SUICIDE SQUAD #20: I bought this almost entirely on Dan at Gammasquad’s recommendation, and I was not disappointed in the least. I read the first few issues of the rebooted Suicide Squad, and between the cheesecake art and the “my vagina is a clown car” joke it felt like it was a riff on 70s exploitation movies by someone who didn’t quite get why they were ridiculous.
This issue was a different beast all together (starting with Harley Quinn in pants). It was an intro issue–Ales Kot, the new writer, and Patrick Zircher, the new artist, were introducing a new member to the team, and Amanda Waller and the new team member, serial killer James Gordon Jr. took their time to break down each existing member and put the team back together. We got a good look at what makes every one of them tick, and they were all interesting takes on largely familiar characters. Zircher does a great job with the limited action, but shines when focusing on Harley, and Kot’s writing coupled with Zircher’s framing of every shot add up to a really, really creepy portrayal. I’ll definitely be hanging around for this.
STAR WARS #5: This is a remarkably busy comic following at least 3 different threads–Leia, continuing to be the ass-kicker we always secretly knew her to be; Luke still with the fleet; Vader deciding to hunt down Luke; and Han being chased by Boba Fett through the lower levels of Coruscant. Carlos D’Anda does an absolutely amazing job of drawing the variety of situations, and he keeps drawing kick-ass Star Wars tech that absolutely nobody I know has ever obsessed over for the better part of 20 years, and Brian Wood is shining the spotlight on probably the most underutilized of the major characters from the OT in Leia and showing just how amazing she can be. I’m still loving this book.

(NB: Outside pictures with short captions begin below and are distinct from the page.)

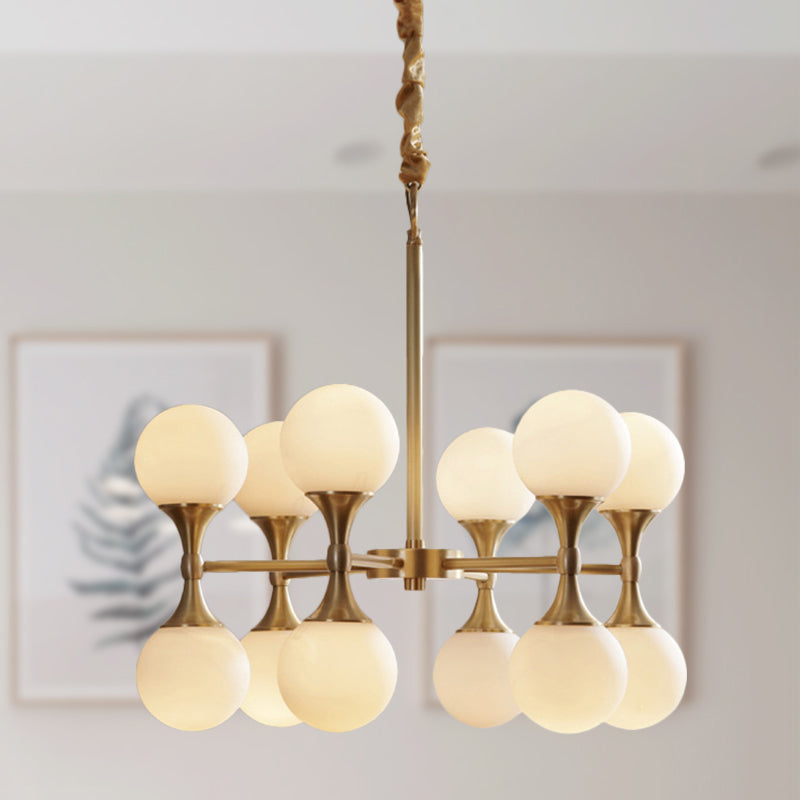 Opal Glass Chandelier Light with 12/16 Brass Globe Heads – Postmodern Ceiling Hanging Lamp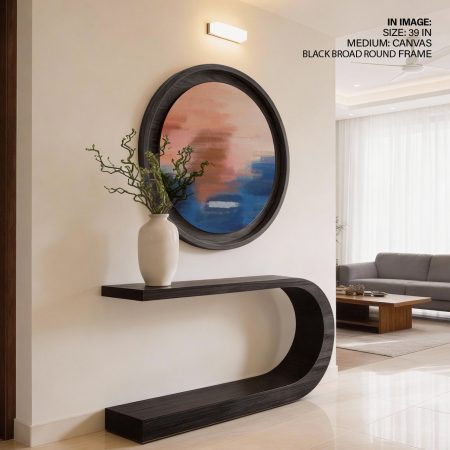 contemporary abstract landscape #001 - Circular Wooden Frames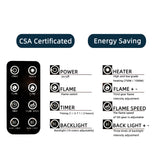 42 In Wall-Mounted (Surface) Electronic Fireplace-10 Colors Back Light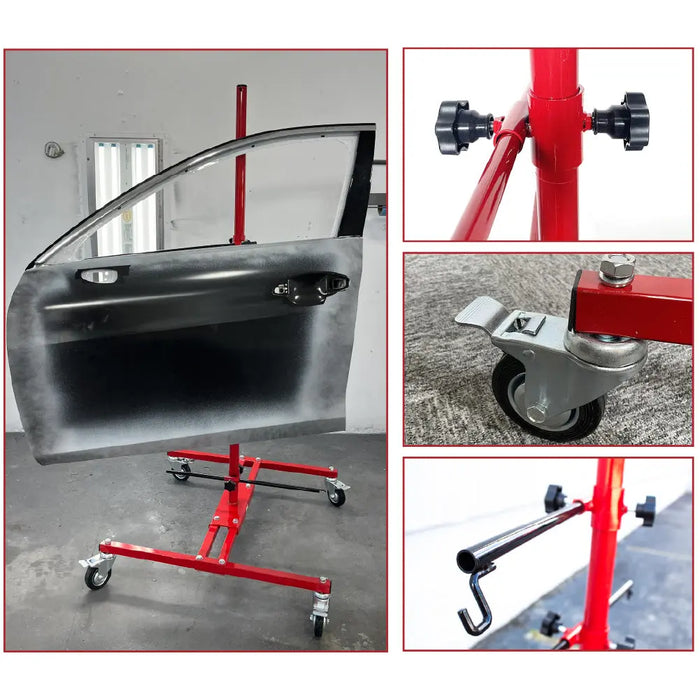 Panel Tree Paint Stand, Adjustable Automotive 6 Hooks, Auto Body Stand for Hoods Doors, 4 Caster Wheels, Paint Rack Stand - National Supply Company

BATMAN #20: A perfectly fine issue that felt a LITTLE like wheel-spinning in advance of the big Zero Year story starting next month. Snyder skates really close to the point where comic book conventions reveal their ridiculousness, though–secret identities just exist, and shouldn’t really require a ton of justification, although his explanation for how Bruce doesn’t get discovered is only slightly more serious than “Pa Kent in a girdle.”
BATMAN & ROBIN #20: Or “Batman & Red Hood,” the second in Tomasi and Gleason’s five stages of grief arc which is apparently Bruce being a dick to Jason. The Carrie Kelly stuff is getting to be really distracting, but it was still a solid issue because the creative team is so good at showing the breadth of Bruce’s pain. I’ll be honest, Red Hood as a character doesn’t mean anything to me, and mining his resurrection for anything is a lot like every time Marvel goes back to the One More Day well only with less me punching my
monitor comic book that I totally purchased at a store.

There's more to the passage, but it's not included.